The Fair Labor Standards Act grants the DOL discretion to collect liquidated damages for wage and hour violations. An employer can avoid the extra damages in court if the business can prove it acted in good faith and had “reasonable grounds for believing that his act or omission was not a violation” of the FLSA.
There are varying legal interpretations as to what constitutes a good-faith showing. The uncertainty has prompted some lawyers to advise their business clients to fight the liquidated damages in court where a judge may then pressure the parties to strike the damages. This process can often take several years to unfold in court, a delay that business advocates point to as a reason to drop the Obama policy.

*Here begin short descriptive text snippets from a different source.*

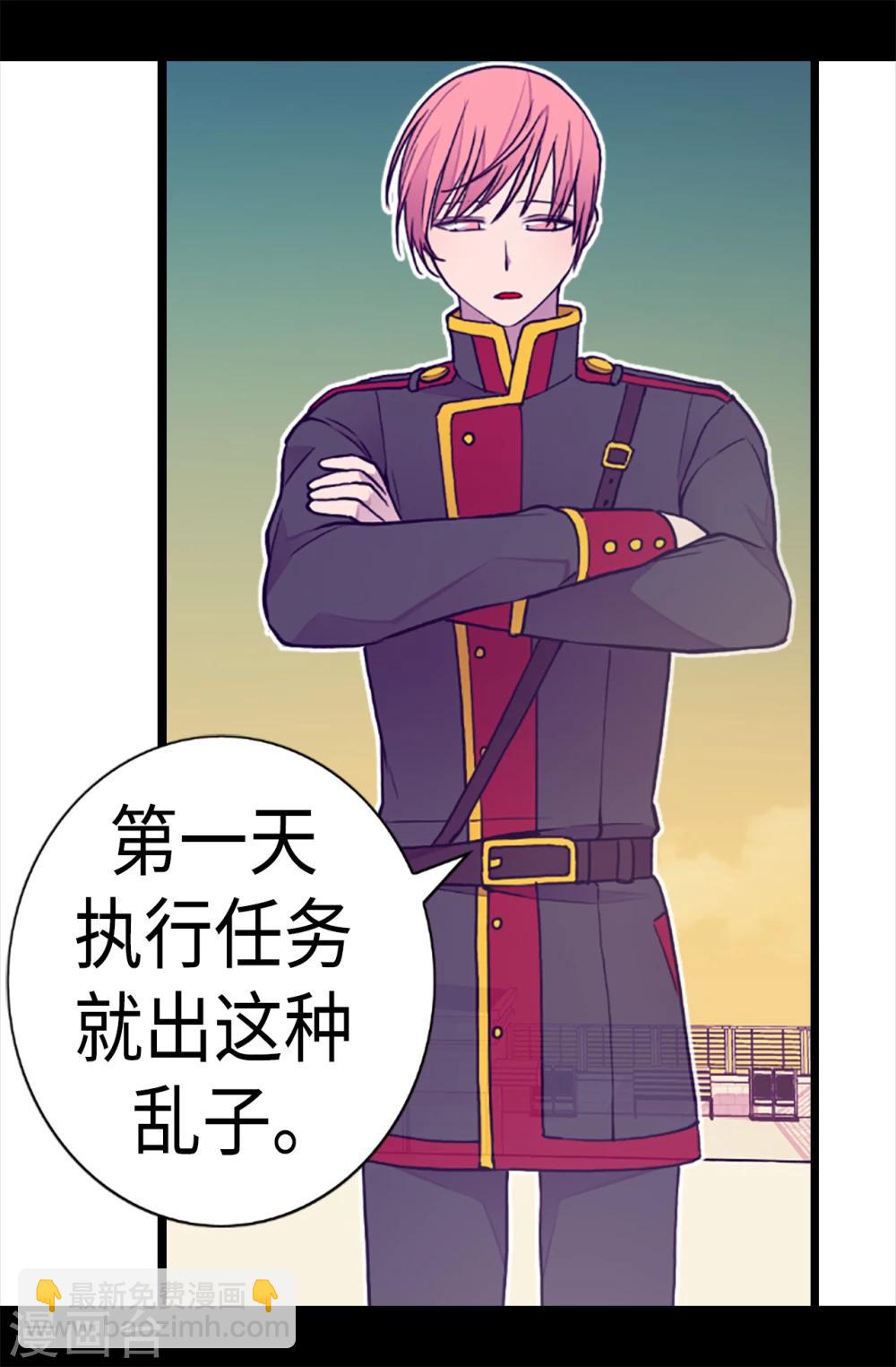 🍴据说我是王的女儿 第160话 胖狗是我的！ 第27页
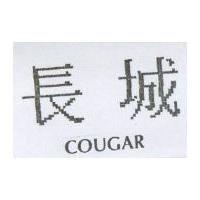 長城 COUGAR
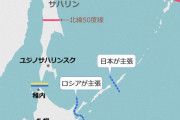 岸田は決断できないで終わるよ　～　【中村逸郎】ロシアを襲う「経済崩壊の危機」　北方領土を取り戻す最大の好機到来か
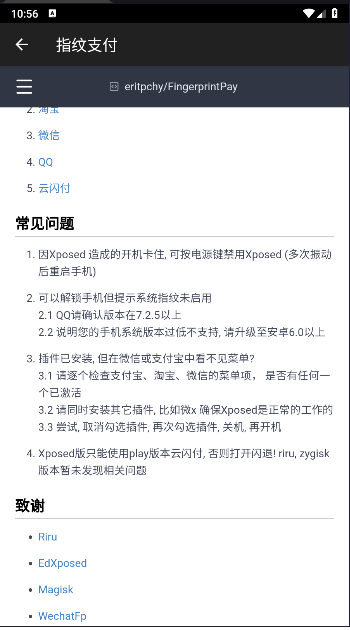 指纹支付模块最新版v5.2.0(1)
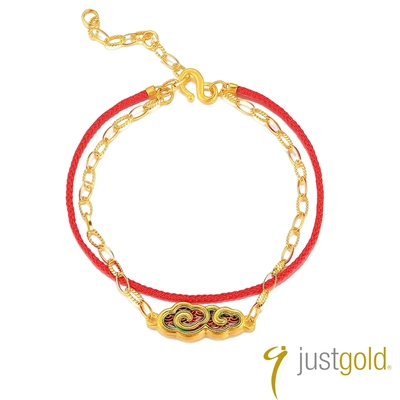 【just gold 鎮金店】祥雲釉彩手繩(紅)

Tammy McCutchen, a WHD administrator under President George W. Bush, now defends businesses faced with investigations from her old agency as an attorney with Littler Mendelson in Washington. McCutchen, echoing a pattern described by her management bar peers, described varying rigidity throughout the nation in how the liquidated damages policy is applied. In some offices, when an employer self-corrected an employee complaint before the WHD investigation began, that local Labor Department office would still require double pay. Other offices would find similar actions by other employers sufficient to avoid liquidated damages.
“What is needed is for WHD to issue a Field Assistance Bulletin to set forth standards on when LDs are appropriate; that would provide consistency in enforcement and transparency to the regulated community,” she said in an email.
Yet even without a formal new policy, some private attorneys are starting to notice anecdotal evidence that when they challenge liquidated damages to their regional solicitor’s office or the national office, the department’s lawyers will intervene to overrule the WHD.
“My advice to employers is push back hard, especially when there are factual disputes and Wage Hour is seeking full relief,” Salvador Simao, chair of FordHarrison’s wage-hour practice group, told Bloomberg Law. “Let the solicitor’s office determine if this is something that they willing to pursue rather than take a reasonable offer and preserve their resources.”
Be it from DOL attorneys caving to pressure or a new enforcement memo from the national office, any move to restrict the agency’s use of liquidated damages would be seen by some as abandoning the interests of low-wage, vulnerable workers.
“It’s a very productive model for employers to wait to be caught and only reimburse the money that should’ve been paid in the first instance,” Douglas Werman, a partner at plaintiff firm Werman Salas in Chicago, told Bloomberg Law. “It would be a huge gift to employers for the DOL to give up their current practice of insisting on liquidateed damages for violations.”
Although it remains unclear whether the WHD has begun or will soon take up a revision to the liquidated damages guidelines, the first year-and-a-half of the Trump administration has offered several signals that this item is more a matter of when than if.
The division in April launched a pilot initiative to let businesses self-report wage violations to the DOL in exchange for a release of private claims. The agency also assured businesses that report their back wage liability and are accepted into the program that they won’t need to pay double damages.
This program and other changes in philosophy to boost cooperation with businesses suggests to Jeffrey Brecher, who co-chairs the wage-hour practice at Jackson Lewis, that change is on the way.
“I do believe that under the Trump administration, the department will return to its more flexible policies and will likely impose liquidated damages not as an automatic penalty, but rather probably saving it for cases where the violations are particularly egregious,” Brecher told Bloomberg Law.